Resilient Provider for AppScan Issue Gateway
This projects provides the capability to create an IBM Resilient Incident via AppScan Issue Gateway automation
- Have an IBM Application Security on Cloud account with API Key
- Have API access to an IBM Resilient instance
- Install AppScan Issue Gateway - See links for download
- Python and the Resilient python library will need to be installed "pip install resilient".
- Setup the AppScan Issue Gateway by downloading the latest version from the HCL GitHub.
- Clone the "resilient" directory from this repository to the "providers" directory in the AppScan Issue Gateway Install.
- Edit the "app.config" file to reflect your IBM Resilient Info. *Export your TLS Certificate from your Resilient server and save. Add the path to the app.config file *Add username and password to app.config. For added security, use a keystore instead (see "Helpful Links" for help) *The hostname on the certificate must match EXACTLY the hostname for the Resilient server.
- Edit the example/resilient.json file to suit your needs. You will need to update it with your API Key/Secret and App ID.
- Use your favorite client to submit the resilient.json file to AppScan Issue Gateway. I have included a generic client in the example directory. For more info on that, see below.
The Generic Client
AIG_GenericClient.py is included in the example directory. It uses "Requests" python library to submit your JSON file to AppScan Issue Gateway and monitor its progress.

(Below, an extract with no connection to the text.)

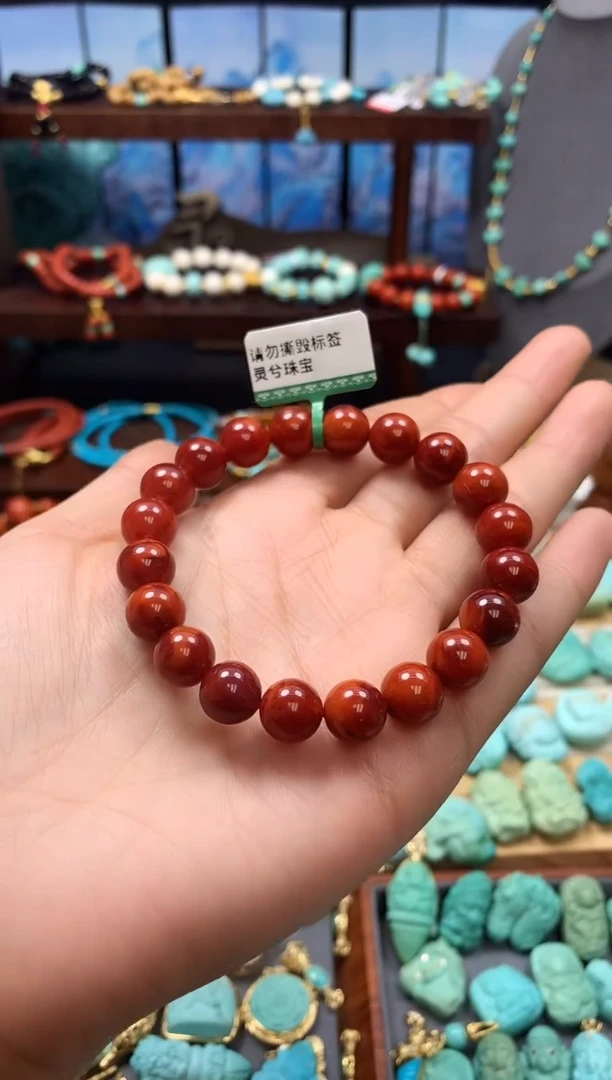 未镶嵌手链南红玛瑙原矿牛血红南红单圈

For useage instructions issue:
python AIG_GenericClient.py -h
usage: AIG_GenericClient.py [-h] [-r REPEAT] host port jsonfile positional arguments: host AppScan Issue Gateway Host Name port AppScan Issue Gateway Port Number jsonfile Path to JSON file to submit to AIG optional arguments: -h, --help show this help message and exit -r REPEAT, --repeat REPEAT Minutes to wait between repeats
Run the Example:
python AIG_GenericClient.py -r 60 localhost 8080 ./resilient.json
This example will submit the resilient.json file to AppScan Issue Gateway running on localhost port 8080. It will follow the request status to completion, printing out the status to the console. It will also repeat the request every 60 minutes.
All files found in this project are licensed under the Apache License 2.0.